I had this same subject discussed with owning land in ND but living out of state and the 14 days of hunting. It horrible but there are positives and negatives to it. Im from MN, own land in ND, and would like to see it where i could. Some small towns are hurt by the 14 day season, some are not. This is a topic that will go on until something changes, or until MN give ND something to complain about.


----------



## Plainsman (Jul 30, 2003)

I'm not aware of any state in this nation that gives non residents resident status for the purpose of hunting or fishing if they own land in that state. Maybe I am mistaken, and if so tell me what state.


----------



## shae1986 (Sep 28, 2006)

Why does everyone think that we are asking for resident status.


----------



## Ron Gilmore (Jan 7, 2003)

Shae it is very simple, way back before most of you where hunting is when the restrictions on days was put in place! This was done then for the reasons I stated and those same reasons apply today. Yes, Joe bar owner, Becky the cafe owner do not like the regs, many farmers whom you meet do not mind the hunters, and do not look at the affects that a removal of the restriction would trigger.
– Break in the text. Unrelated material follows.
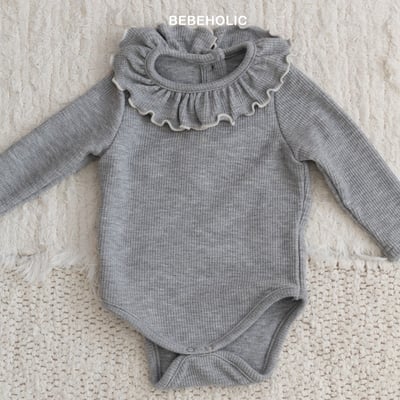 Bebe holic24｜(3m-18m) 荷葉捲邊領包屁衣3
Next time you are conversing with them why not suggest that if you could hunt all season you might consider buying that 1/4 section of CRP with the wetlands in it! See how they react then!!!!!!!

Some seem to think none of us have any roots or contacts in the rural area or do not own land. I listened to a number of FARMERS over the past weekend talking about a couple quarters of land that sold in my home area and who bought it and how much it went for. The buyer was out of state and was willing to go another $200.00 an acre more than what it sold for. There was three farmers who where interested but had no chance to get it and make it cash flow beyond what they bid. Now to top it all off, the new owner has rented the land to a farmer from the Watertown SD area which is roughly 150 miles and also out of the state!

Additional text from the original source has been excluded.